¼ pound 96% lean ground beef I used the lean beef
from Costco which I think is 88%
2 tablespoons cooked brown rice
¼ teaspoon dried parsley
¼ teaspoon Italian seasoning
¼ teaspoon fennel seeds
1/8 teaspoon garlic powder
1/8 teaspoon red-pepper flakes
1/8 teaspoon dried minced onion
pinch of salt
pinch of black pepper
2 ½ tablespoons of chili sauce
1/8 teaspoon hot-pepper sauce, or more to taste I didn't
add too much because I'm not sure what my son's heat
tolerance is

Preheat oven to 400 degrees F.

In a medium bowl, combine the beef, rice, parsley, Italian seasoning, fennel, garlic powder, red-pepper flakes, onion, salt, and pepper. With clean hands or a fork, mix well. With a 1” cookie scoop or a spoon and your hands, form the mixture into eight 1” meatballs. Place the meatballs in a single layer on a small nonstick baking sheet. Bake for about 7 minutes or until the meatballs are just barely pink inside. Transfer to a medium bowl and set aside.

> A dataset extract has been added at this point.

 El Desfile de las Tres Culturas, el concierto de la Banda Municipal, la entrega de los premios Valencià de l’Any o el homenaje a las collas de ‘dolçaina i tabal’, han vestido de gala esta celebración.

Meanwhile, in a small bowl, combine the chili sauce with the hot pepper sauce. Pour the sauce over the meatballs. Toss to coat with sauce. Serve immediately.

Makes 1 serving. Per serving: 206 calories, 23 g protein,
17 g carbs, 5 g fat, 60 mg chol, less than 1 g fiber,
678 mg sodium.


I picked up fennel seeds just last week so when I saw this recipe, I figured it was meant to be. I generally keep everything it takes to make these meatballs on hand (now that I own fennel seeds). We had brown rice with the picante chicken on Tuesday so I just made extra and saved it for this recipe.

These were sooooo good. They were very flavorful, not really 'hot' since I didn't add too much hot sauce. I made the meatballs in the morning, before work, which I think is a good idea. You don't want to cook these too long (especially if you use the 96% beef) so making them ahead of time gives the seasoning time to permeate the meatballs. These would be good as an appetizer too, a lighter version of the famous chili sauce and grape jelly sauced meatballs.

I quadrupled the recipe. This book is all over the place with serving sizes. I'm not sure why this one is just for 1 serving. Although, since one of the biggest problems that dieters have is portion control, it's nice to see recipes for one, for single people or anyone who is dieting alone. I don't think anyone, dieting or not, would feel deprived eating these meatballs.

Blast From The Past: Sweet-Sour Meatballs from November 2005. These were a favorite of my husband's and similar to the recipe above.

Question of the Day: How many people are you cooking for on daily basis?